Wherever the string "Home" occurs in a line of these records, report that line.
** DATA TO USE follows **
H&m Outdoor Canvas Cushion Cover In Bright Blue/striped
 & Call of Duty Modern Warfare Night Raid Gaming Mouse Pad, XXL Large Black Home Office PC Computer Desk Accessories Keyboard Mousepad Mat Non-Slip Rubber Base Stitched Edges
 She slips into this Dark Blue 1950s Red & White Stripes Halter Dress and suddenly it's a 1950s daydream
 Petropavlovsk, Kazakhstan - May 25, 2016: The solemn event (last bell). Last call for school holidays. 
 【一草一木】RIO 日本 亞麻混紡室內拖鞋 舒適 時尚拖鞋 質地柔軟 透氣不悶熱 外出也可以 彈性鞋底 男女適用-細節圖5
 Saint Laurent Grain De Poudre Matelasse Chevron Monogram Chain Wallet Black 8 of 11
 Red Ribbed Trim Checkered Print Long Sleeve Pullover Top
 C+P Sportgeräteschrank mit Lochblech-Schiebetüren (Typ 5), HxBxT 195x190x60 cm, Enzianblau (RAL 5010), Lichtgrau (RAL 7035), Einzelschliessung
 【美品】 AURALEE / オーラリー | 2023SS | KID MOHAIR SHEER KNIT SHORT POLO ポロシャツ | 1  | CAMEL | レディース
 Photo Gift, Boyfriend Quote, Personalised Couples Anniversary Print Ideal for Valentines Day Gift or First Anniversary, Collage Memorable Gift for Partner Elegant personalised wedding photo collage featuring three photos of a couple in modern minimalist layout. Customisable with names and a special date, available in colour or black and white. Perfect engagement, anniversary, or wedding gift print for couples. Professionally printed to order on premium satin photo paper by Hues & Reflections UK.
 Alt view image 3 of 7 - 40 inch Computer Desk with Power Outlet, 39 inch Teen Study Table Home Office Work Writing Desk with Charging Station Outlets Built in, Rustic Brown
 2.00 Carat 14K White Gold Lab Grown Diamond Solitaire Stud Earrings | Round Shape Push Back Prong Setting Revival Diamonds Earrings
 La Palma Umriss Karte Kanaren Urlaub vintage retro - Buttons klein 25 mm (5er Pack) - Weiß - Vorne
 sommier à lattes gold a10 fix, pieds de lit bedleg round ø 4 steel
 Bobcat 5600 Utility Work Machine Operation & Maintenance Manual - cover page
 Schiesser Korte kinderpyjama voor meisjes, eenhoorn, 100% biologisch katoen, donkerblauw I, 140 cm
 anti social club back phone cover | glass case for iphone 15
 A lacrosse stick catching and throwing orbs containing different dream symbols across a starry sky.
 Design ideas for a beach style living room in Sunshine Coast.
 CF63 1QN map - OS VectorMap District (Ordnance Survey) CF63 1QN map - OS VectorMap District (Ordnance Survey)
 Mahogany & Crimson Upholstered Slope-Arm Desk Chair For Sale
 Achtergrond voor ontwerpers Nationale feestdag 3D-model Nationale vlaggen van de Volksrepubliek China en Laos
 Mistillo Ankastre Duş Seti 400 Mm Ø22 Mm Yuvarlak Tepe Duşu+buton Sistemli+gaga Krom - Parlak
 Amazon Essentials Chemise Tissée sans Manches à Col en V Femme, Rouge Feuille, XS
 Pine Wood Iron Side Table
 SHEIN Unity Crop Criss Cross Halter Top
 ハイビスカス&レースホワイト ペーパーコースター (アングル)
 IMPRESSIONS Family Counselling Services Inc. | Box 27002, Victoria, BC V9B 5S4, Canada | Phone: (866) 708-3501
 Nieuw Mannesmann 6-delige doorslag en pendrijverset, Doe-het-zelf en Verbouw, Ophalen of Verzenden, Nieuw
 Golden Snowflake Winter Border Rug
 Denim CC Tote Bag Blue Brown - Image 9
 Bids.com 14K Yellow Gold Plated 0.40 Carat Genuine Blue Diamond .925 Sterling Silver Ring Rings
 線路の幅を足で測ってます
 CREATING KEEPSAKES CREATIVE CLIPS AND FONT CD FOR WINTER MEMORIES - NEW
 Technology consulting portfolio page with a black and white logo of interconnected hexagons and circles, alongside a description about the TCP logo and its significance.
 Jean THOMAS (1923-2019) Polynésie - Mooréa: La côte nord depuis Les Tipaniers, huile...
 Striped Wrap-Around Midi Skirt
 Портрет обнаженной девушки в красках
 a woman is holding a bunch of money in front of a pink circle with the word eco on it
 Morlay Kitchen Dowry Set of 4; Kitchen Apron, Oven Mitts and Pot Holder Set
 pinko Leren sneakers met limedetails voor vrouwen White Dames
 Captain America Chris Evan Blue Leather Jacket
** End of DATA TO USE **
** EXERCISE OUTPUT **
 & Call of Duty Modern Warfare Night Raid Gaming Mouse Pad, XXL Large Black Home Office PC Computer Desk Accessories Keyboard Mousepad Mat Non-Slip Rubber Base Stitched Edges
 Alt view image 3 of 7 - 40 inch Computer Desk with Power Outlet, 39 inch Teen Study Table Home Office Work Writing Desk with Charging Station Outlets Built in, Rustic Brown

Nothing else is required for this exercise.